Back in the 70s, when I was young, my mum would make me wear panyhose when we had to dress up for something special. Then, when I joined the airforce, I got to wear them everyday - better yet, they let me wear black court shoes (er, high heeled black pumps) with them. Gave the summer and winter uniforms a bit of a feminine lift. Otherwise it was polished black minnie-mouse lace up shoes. Sigh. When I was in Darwin, it was permissible to forego the pantyhose for white sox and minnie mouse shoes and cotton 'drabs' dress because of the heat and humidity, and what it did to personal health. :-D

Actually, when we were hitting the nightclubs I went looking for the sexy black stockings or pantyhose that had the rhinestone bows or spiderwebs on the back of the ankle, and always with the black seam. Damn I'm wistful for them now. Double damn - the 80s fashions made my very full bosom look good. I miss them. Sigh. :-D

Marianne

I miss the fashions!! My bosom is still well endowed and gets cursed when I can never buy off the rack clothes.

Marianne

Thanks for the hat info, Karen. $9.95 is the price range I look for, given how hard I am on hats. I got one at a Tom Thumb on Perdido Key for $6.95, and I've gotten a couple at Target for $12.95. I had a real Panama hat, which would have been $50 at retail, and I loved it. Gone, all of them. I think my children are embarrassed by my hats, although maybe it's just the person wearing them.

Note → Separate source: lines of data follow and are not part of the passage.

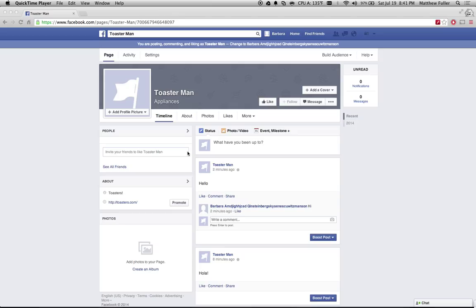If you manage a page, you probably get a lot of notifications saying people have commented, people have replied, people have shared your stuff. And especially if you have a large following for your page, it gets really annoying really quickly.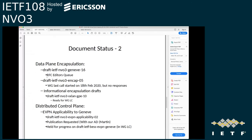Geneve, our standards track encapsulation, is with the RFC Editor now. We also have draft-ietf-nvo3-ncap, the description of the data plane encapsulation design team's work. I started a working group last call on this in February but haven't seen any responses on the list. I'd appreciate it if people would read the draft and post comments so we can make progress. This document is useful as a description of how to pick an encapsulation, a challenge that comes up many times in IETF work.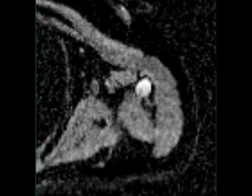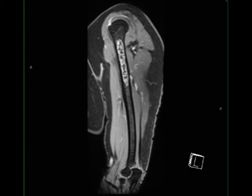Conventional chondrosarcoma is the most common subtype of chondrosarcoma. They may be low, intermediate, or high grade.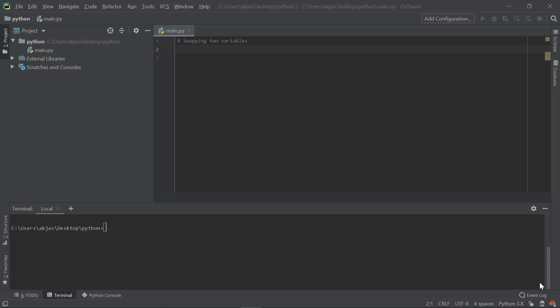Hello guys, welcome to CodeWithMe. In this video, I'm going to swap two variables.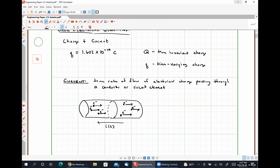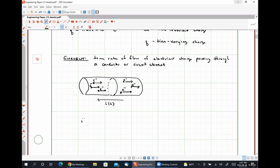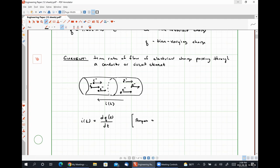Mathematically, the phenomenon of current flowing when there is a rate of flow of electrical charge is given by the relationship: i(t), current as a function of time, is equal to dq/dt. From this definition, we can see that the unit of current, the ampere, is defined as one ampere equals one coulomb of charge passing a particular point in an element in one second of time.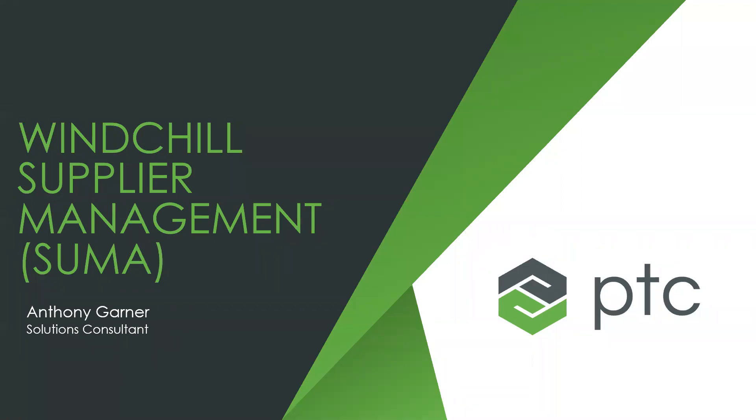Good afternoon, happy Wednesday. Windchill Wednesdays we're calling it here at 3HTI. My name is Rob Romanoski, I'm the Director of Sales Operations with 3HTI, and on our panel today is Jeff Gavio, our Director of Marketing, as well as Anthony Garner, who is an Applications Engineer and Solutions Consultant with PTC.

Sarah, it takes about a week for the glow to show, at least with the high-fashion brands I generally use (Vaseline and Aveeno!) It fades pretty quickly, and if the color gets too dark, just skip a day or two. Also, avoid getting any on elbows or knees, because it darkens too much and looks dirty--unless the dirty knees look is one you desire, for whatever reason.

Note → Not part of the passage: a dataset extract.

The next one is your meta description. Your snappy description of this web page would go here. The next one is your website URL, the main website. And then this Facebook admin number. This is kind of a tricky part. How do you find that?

I should probably make a disclaimer here that #1--I don't work for any of these companies and, #2--you are basically dyeing your skin slowly, over a long period of time. That might be worrisome to people who are prone to skin conditions, or aren't as vain as I am and willing to take my chances.

Marianne/Mothrababe -- a military uniform, hose and heels. Now *that* is sexy! Bet those boy soldiers had problems concentrating.

I agree with Ramona that the it's the guys making the problem, but we're the ones who have to take the consequences. I'd rather wear pants and not have to worry about it. Then again, I used to work in law enforcement, and even though the vast majority of the guys are perfect gentlemen, a few aren't. If I'd spent those years in pants instead of skirts and heels, maybe I could've avoided the awkward moments?

Sarah, what the heck are you gonna do with a self-tanner around here in this weather, other than get your clothes stained?